**Problem requirements:**
Repeat every record exactly, but omit the images.

Start of Block

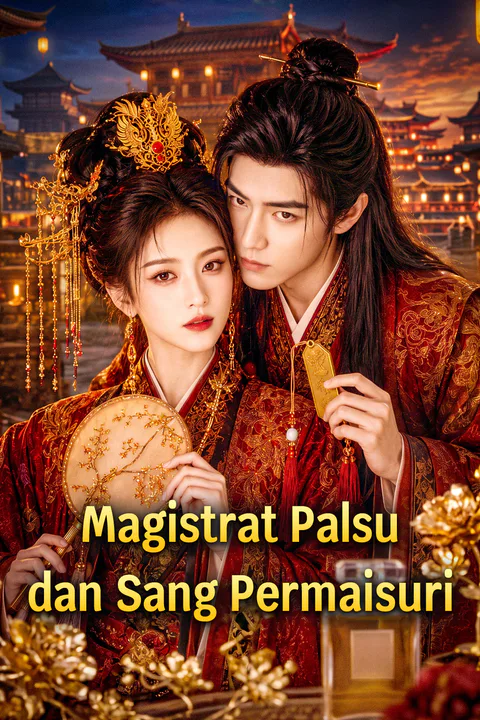 Poster Magistrat Palsu dan Sang Permaisuri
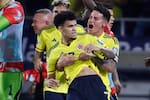 ¿Traición a la patria? La insólita “tutela” contra James Rodríguez y Luis Díaz en pleno Mundial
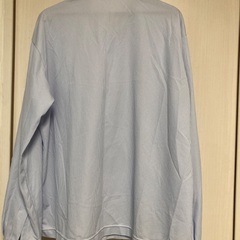 玉野高校/制服男子用シャツLLの画像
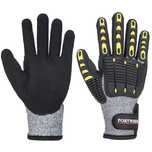 Rękawice Anti Impact Cut Resistant A722 Rozmiar XL Portwest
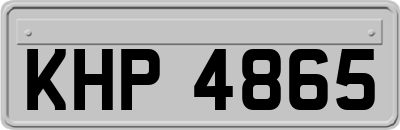 KHP4865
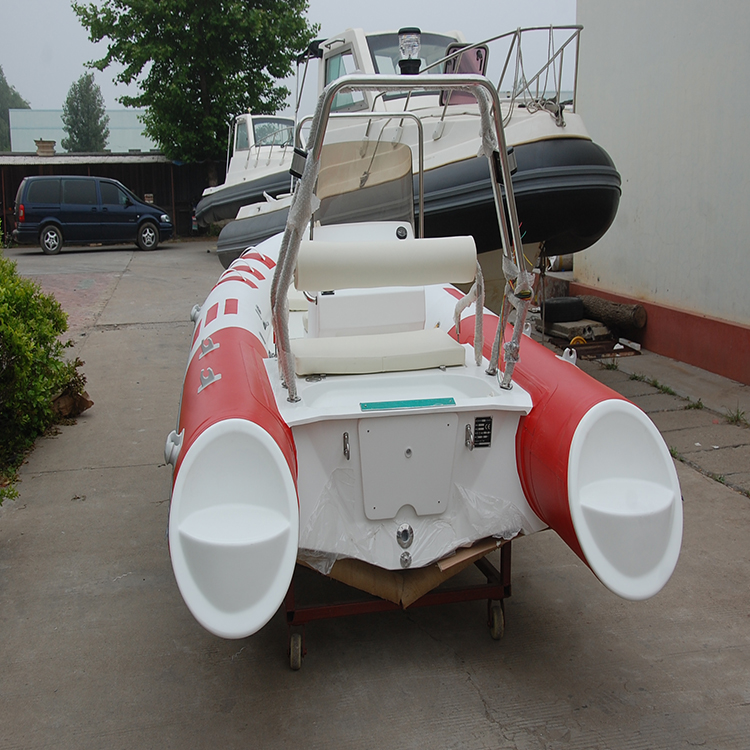Zhenbo 480 надувные гребные ло – обзор и цена Fishing Boat Fiberglass
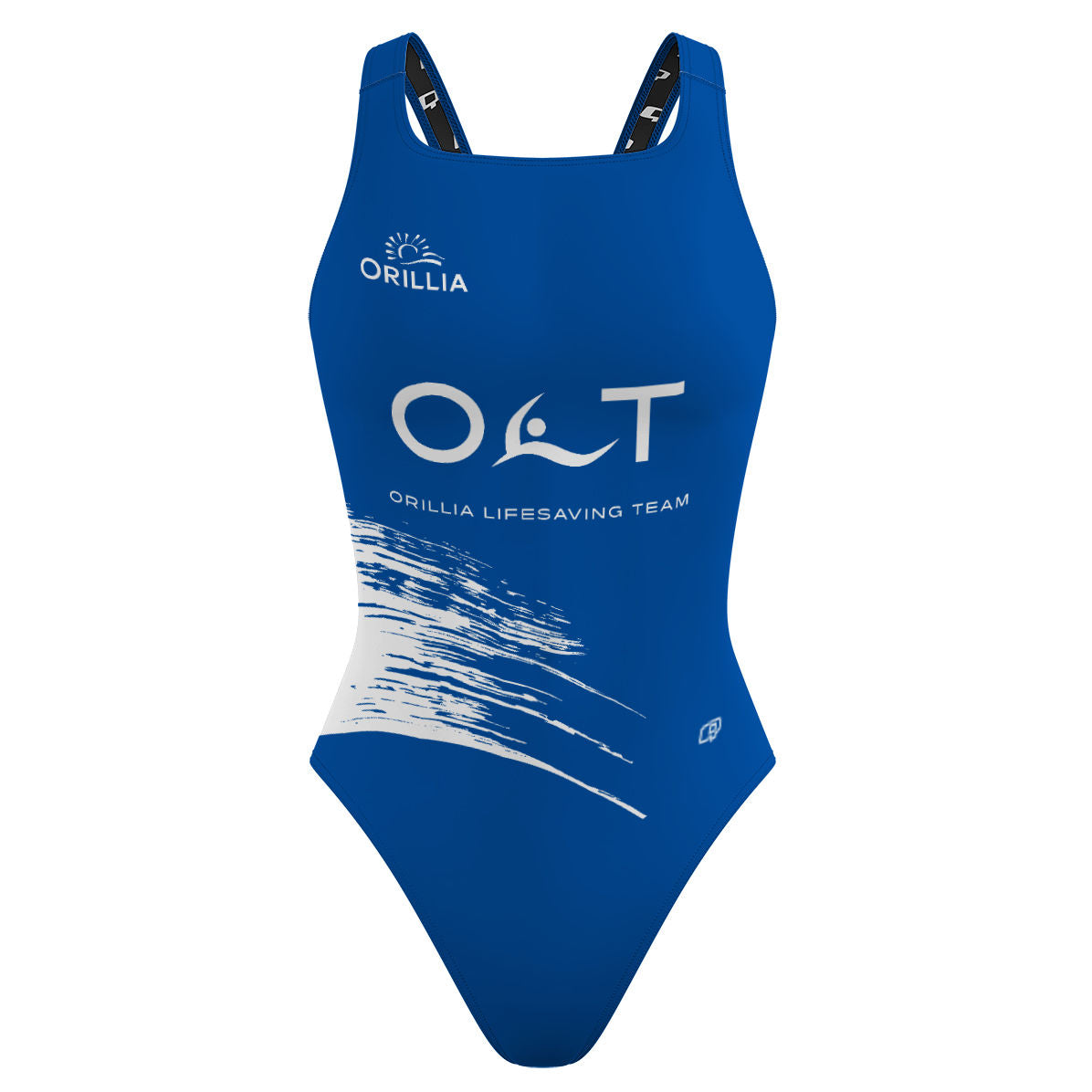 OLT - Womens Swimsuit - Classic Strap Swimsuit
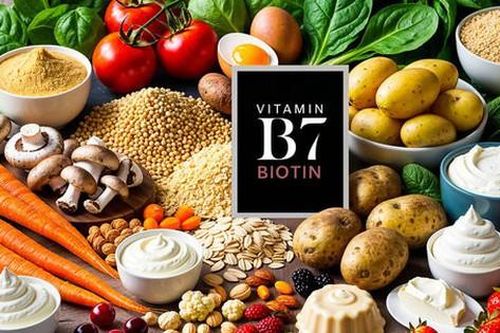 Biotin có lợi ích sức khỏe và hạn chế gì?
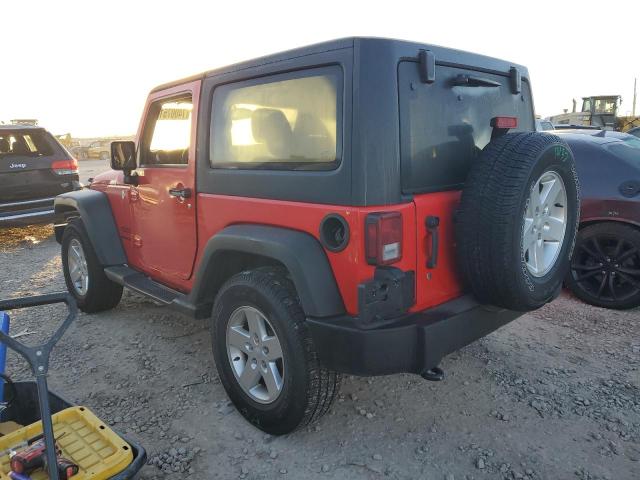 Photo 1 VIN: 1C4AJWAGXFL572295 - JEEP WRANGLER 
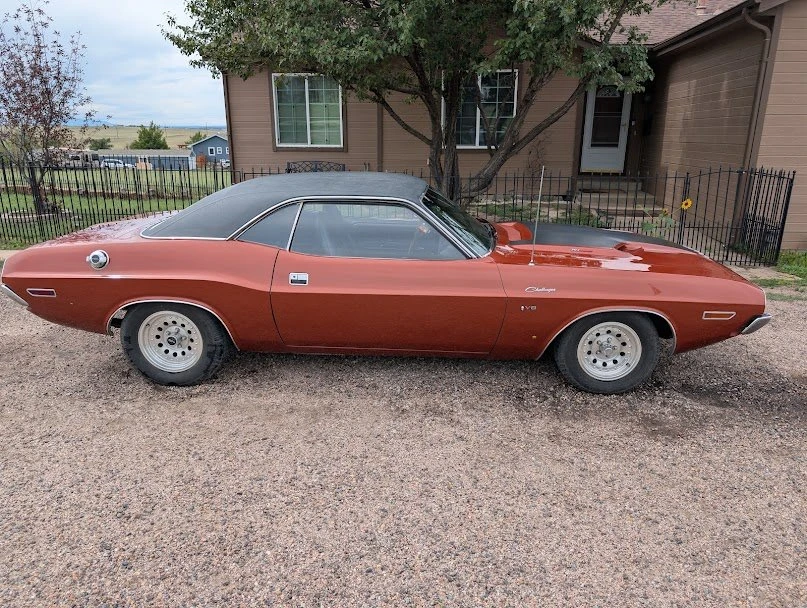 1970 Dodge Challenger 1st Gen - Image 4 of 20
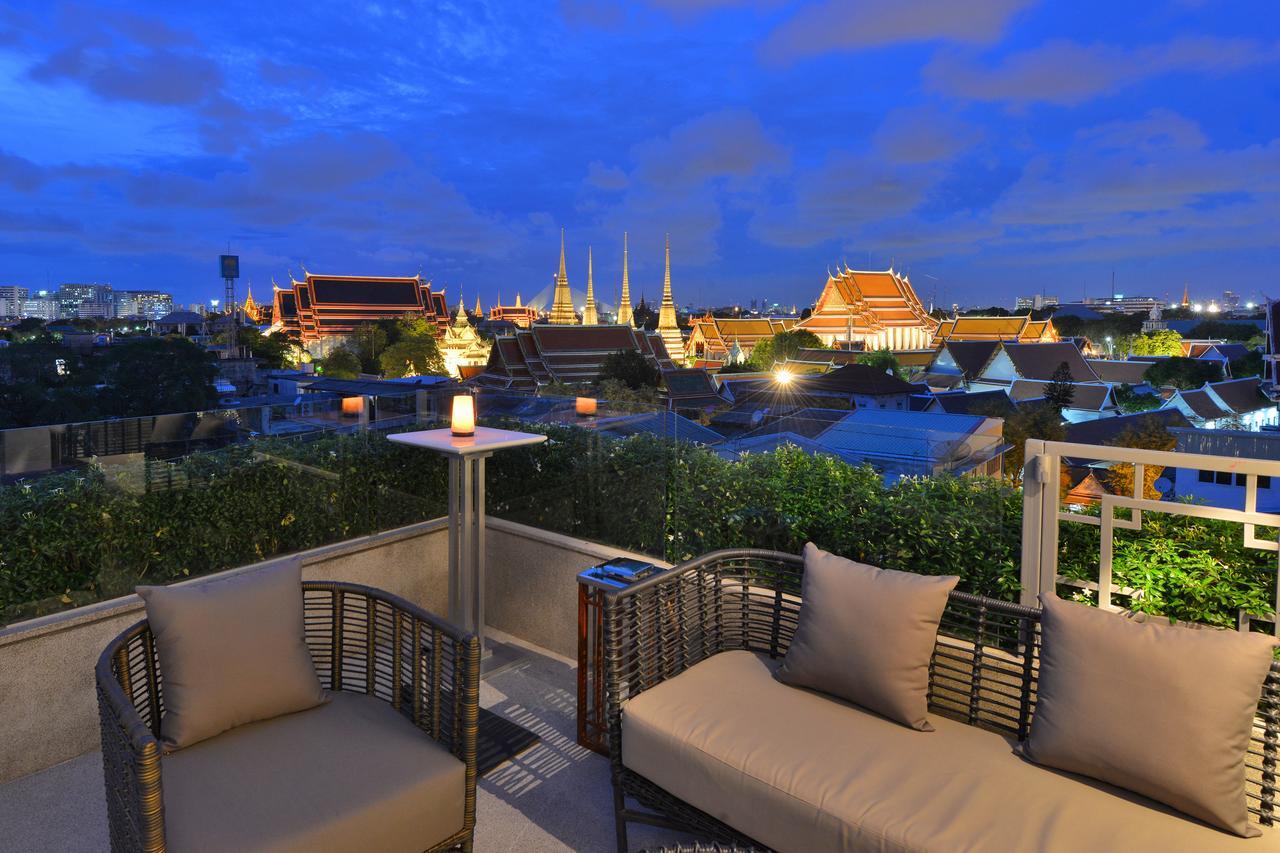 Riva Arun Bangkok Hotel Exterior photo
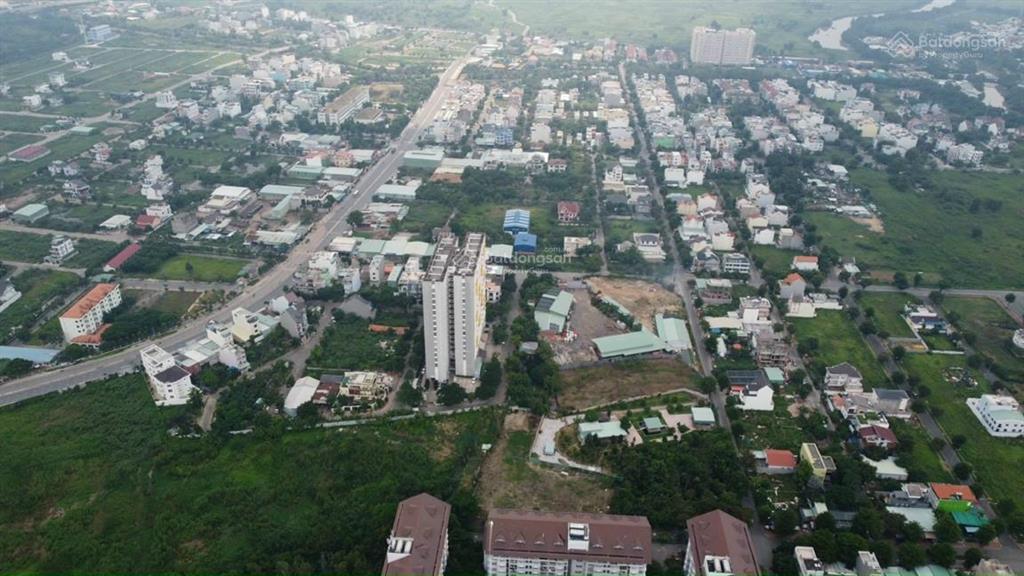 Bán nhanh lô đất giá tốt dự án sở văn hoá thông tin, bưng ông thoàn, phú hữu, quận 9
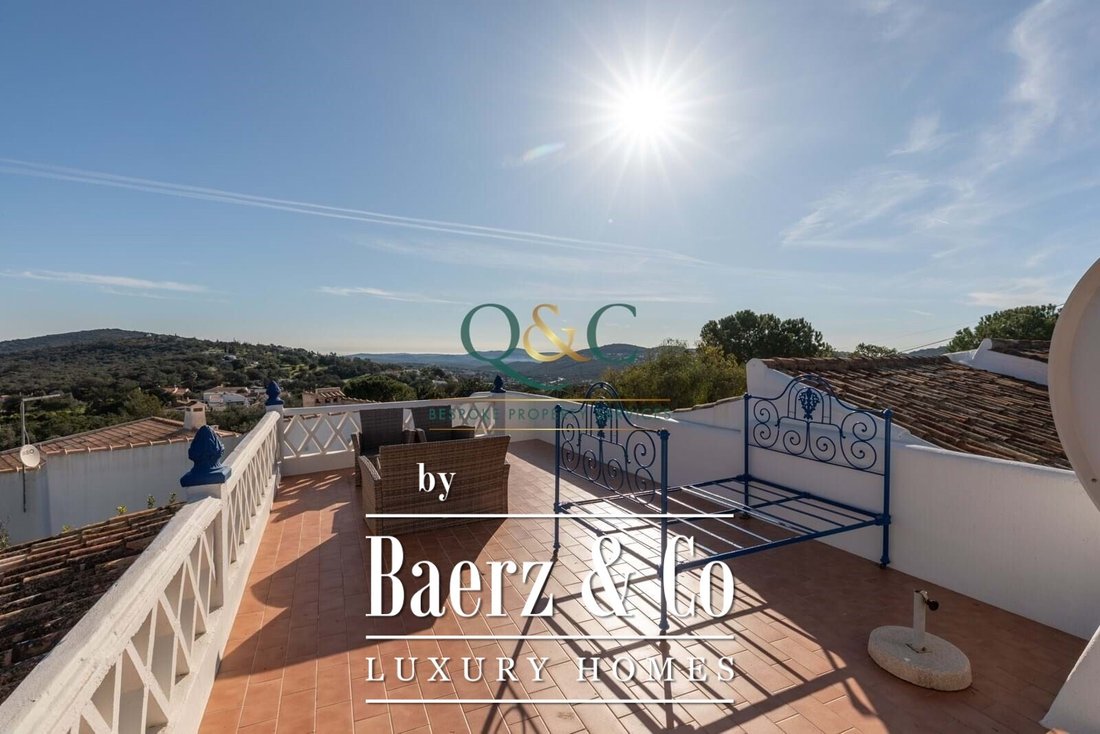 Villa in Sao Bras de Alportel, Algarve, Portugal 2 - 17144865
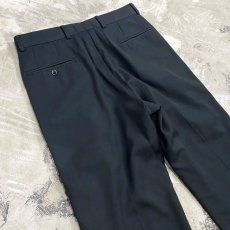 画像7: 【Wiz&Witch】"THE U.K" SIDE STUDS SLACKS PANTS / W31 (7)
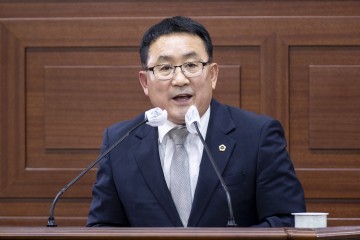 경북도의회, 임병하 도의원 '지방도 935번 진우-부석간 도로' 선형개량 촉구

End of Block

**Solution below:**
 Poster Magistrat Palsu dan Sang Permaisuri
 ¿Traición a la patria? La insólita “tutela” contra James Rodríguez y Luis Díaz en pleno Mundial
 玉野高校/制服男子用シャツLLの画像
 Rękawice Anti Impact Cut Resistant A722 Rozmiar XL Portwest
 KHP4865
Zhenbo 480 надувные гребные ло – обзор и цена Fishing Boat Fiberglass
 OLT - Womens Swimsuit - Classic Strap Swimsuit
 Biotin có lợi ích sức khỏe và hạn chế gì?
 Photo 1 VIN: 1C4AJWAGXFL572295 - JEEP WRANGLER 
 1970 Dodge Challenger 1st Gen - Image 4 of 20
 Riva Arun Bangkok Hotel Exterior photo
 Bán nhanh lô đất giá tốt dự án sở văn hoá thông tin, bưng ông thoàn, phú hữu, quận 9
 Villa in Sao Bras de Alportel, Algarve, Portugal 2 - 17144865
 画像7: 【Wiz&Witch】"THE U.K" SIDE STUDS SLACKS PANTS / W31 (7)
 경북도의회, 임병하 도의원 '지방도 935번 진우-부석간 도로' 선형개량 촉구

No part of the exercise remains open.